The goodwill represents the value expected from the synergies created through the operational enhancement benefits that will result from the integration of Eaton’s business and from the relationships Eaton has established with private equity firms, hedge funds, high net worth family offices, and institutional investors. Goodwill is deductible for federal income tax purposes.

We recognized a liability for estimated earn-out payments. These payments will be based on Eaton Partner’s performance over a four-year period. The liability for earn-out payments was $40.2 million and $31.2 million at December 31, 2018 and 2017, respectively. The contingent consideration accrual is included in accounts payable and accrued expenses in the consolidated statements of financial condition.
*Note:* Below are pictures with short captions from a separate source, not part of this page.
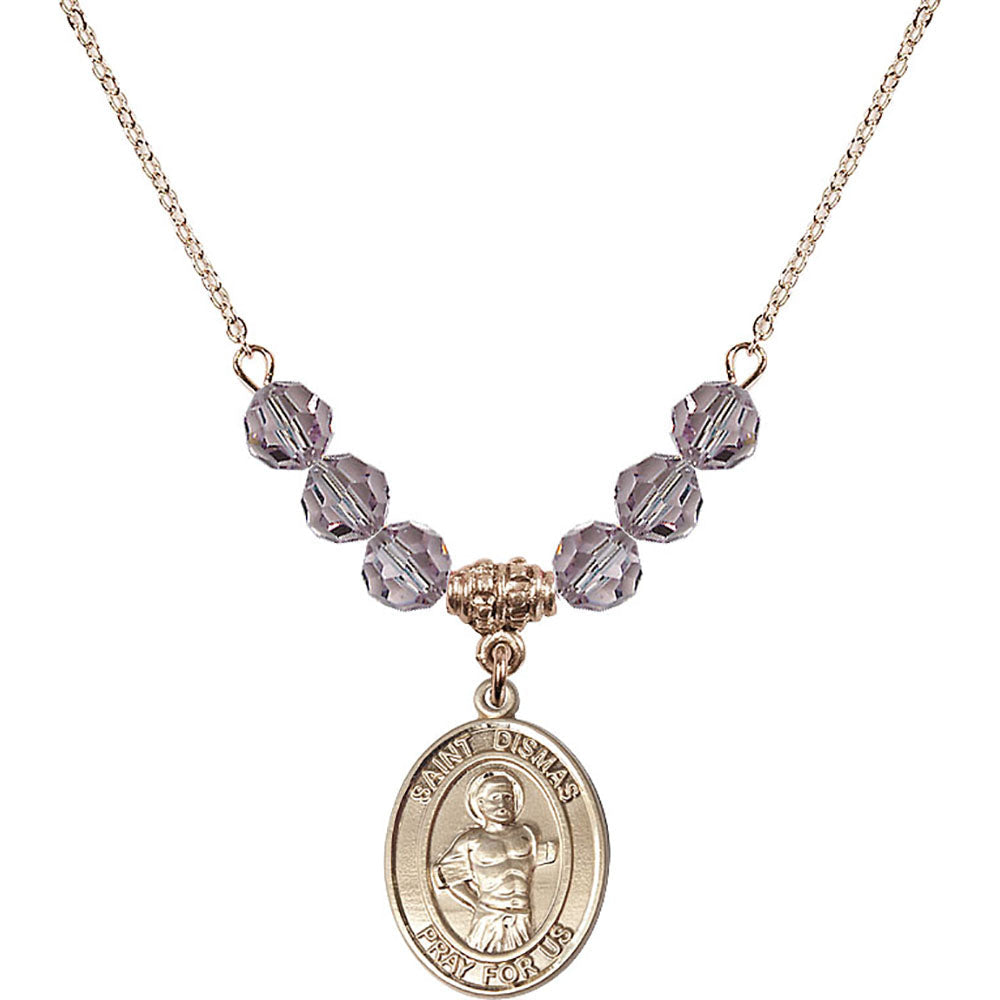 14kt Gold Filled Saint Dismas Birthstone Necklace with Light Amethyst Beads - 8418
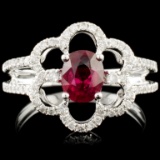 18K Gold 0.99ct Ruby & 0.31ctw Diamond Ring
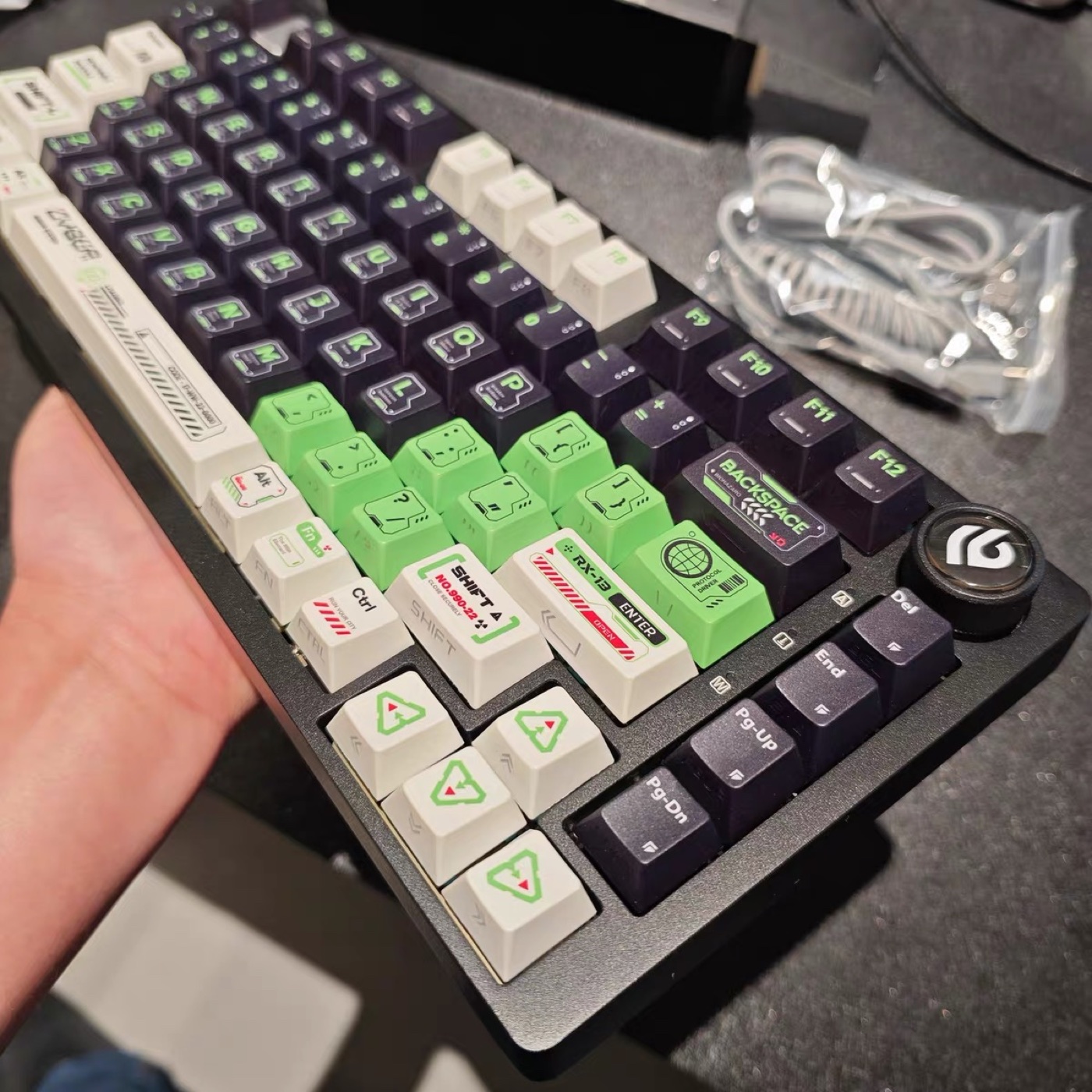 Cyber themed custom keyboard with green accent keycaps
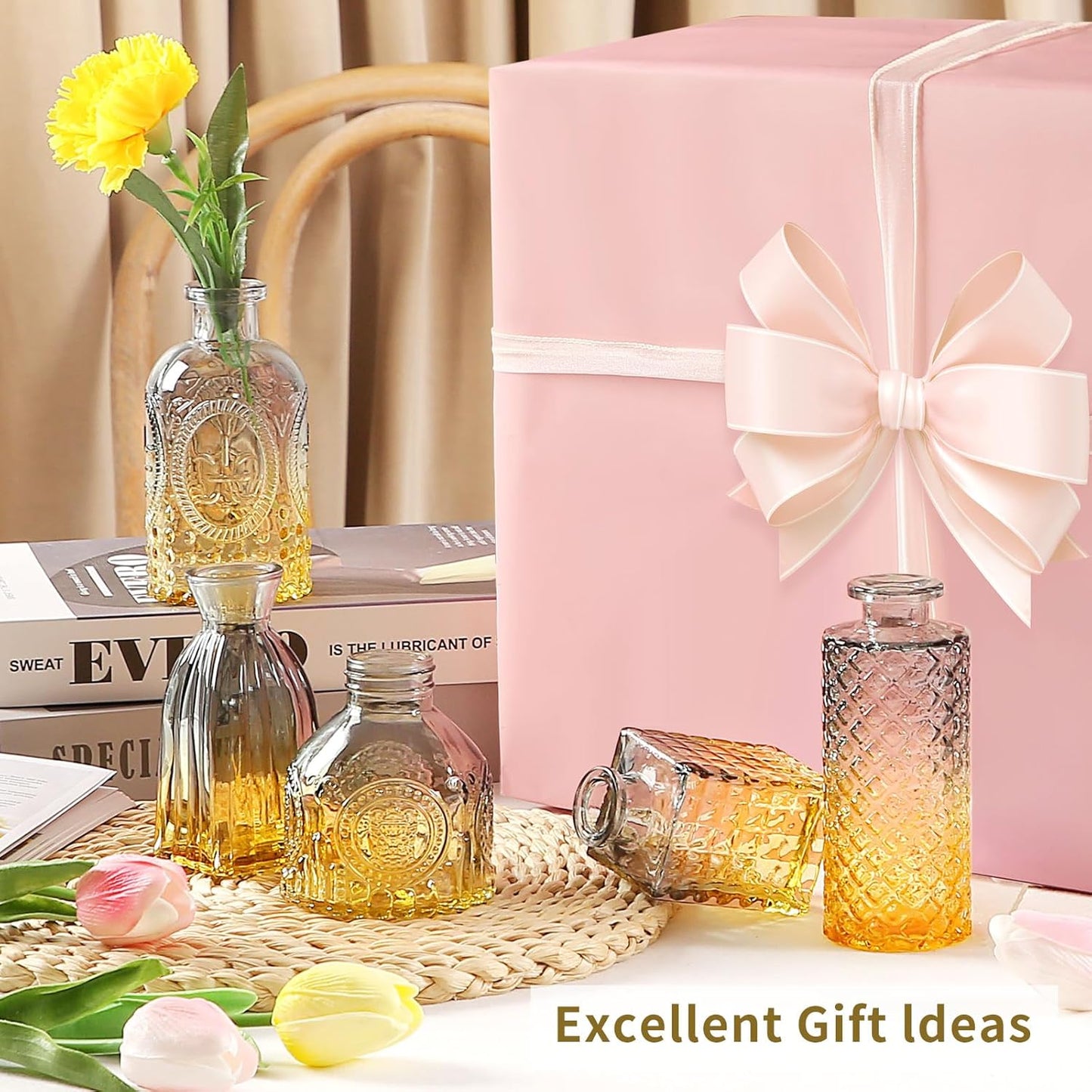 Glass Bud Vases in Bulk Set of 30 Pcs,Small Glass Vases for Flowers as Wedding Centerpieces for Tables,Clear Flower Vases Suitble for Wedding Decorations,Home Decor (Blue Yellow, 30 pcs)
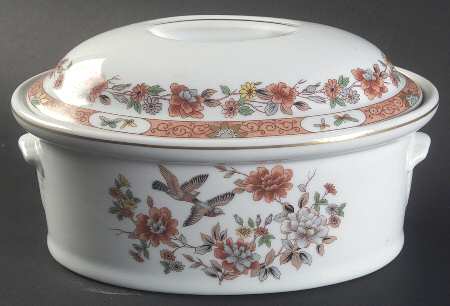 Magnolia & Birds 1 Quart Oval Covered Casserole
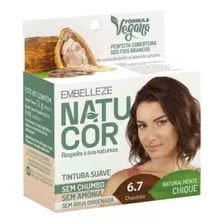 Kit Tintura Natucor Tinta De Cabelo Tom 6.7 Chocolate X 12g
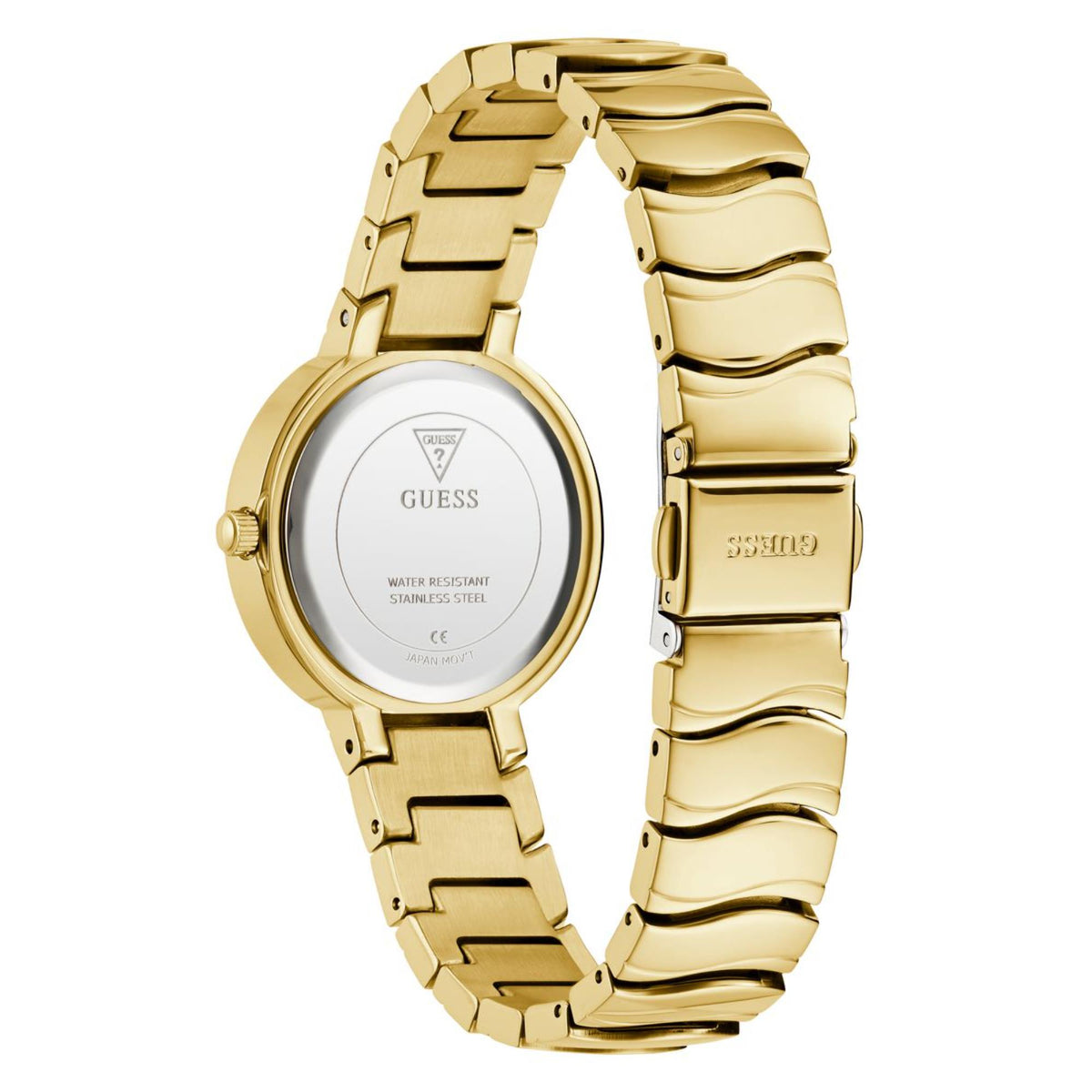 Gold-tone bracelet watch case back with stamped text, stainless steel, and Guess logo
Barclays Wealth and Investment Management, Americas

On December 4, 2015, we completed the purchase of the Barclays Wealth and Investment Management, Americas (“Barclays”), franchise in the U.S. The Company paid purchase consideration that was funded with cash from operations. As part of that transaction, Stifel Bancorp, a wholly owned subsidiary of the Company, acquired approximately $600.0 million of bank loans, at fair value, from Barclays. The fair values for those loans were estimated using discounted cash flow analyses using interest rates currently being offered for loans with similar terms.

The acquisition was accounted for under the acquisition method of accounting in accordance with Topic 805. Accordingly, goodwill was measured as the excess of the acquisition-date fair value of the consideration transferred over the amount of acquisition-date identifiable assets acquired net of assumed liabilities. We recorded $24.8 million of goodwill in the consolidated statement of financial condition, which has been allocated to our company’s Global Wealth Management segment. Identifiable intangible assets purchased by our company consisted of customer relationships, with acquisition-date fair value of $7.3 million.

The goodwill represents the value expected from the synergies created through the operational enhancement benefits that will result from the integration of the hired financial advisors and the conversion of the customer accounts to the Stifel platform. Goodwill is expected to be deductible for federal income tax purposes.

In addition, deferred consideration is payable based on certain revenue generated by Stifel in accordance with the distribution agreement. The deferred consideration of $7.4 million and $15.2 million has been recognized as a liability and is included in accounts payable and accrued expenses in the consolidated statements of financial condition at December 31, 2018 and 2017, respectively.

During 2016, the Company’s Board of Directors removed the continuing service requirements associated with restricted stock units that were granted to certain employees of Barclays in December 2015. As a result, the awards were expensed at date of modification resulting in a charge of $58.6 million during 2016. The fair value of the awards is based upon the closing price of our company’s common stock on the date of the grant of the awards. These charges are included in compensation and benefits in the consolidated statements of operations for the year ended December 31, 2016.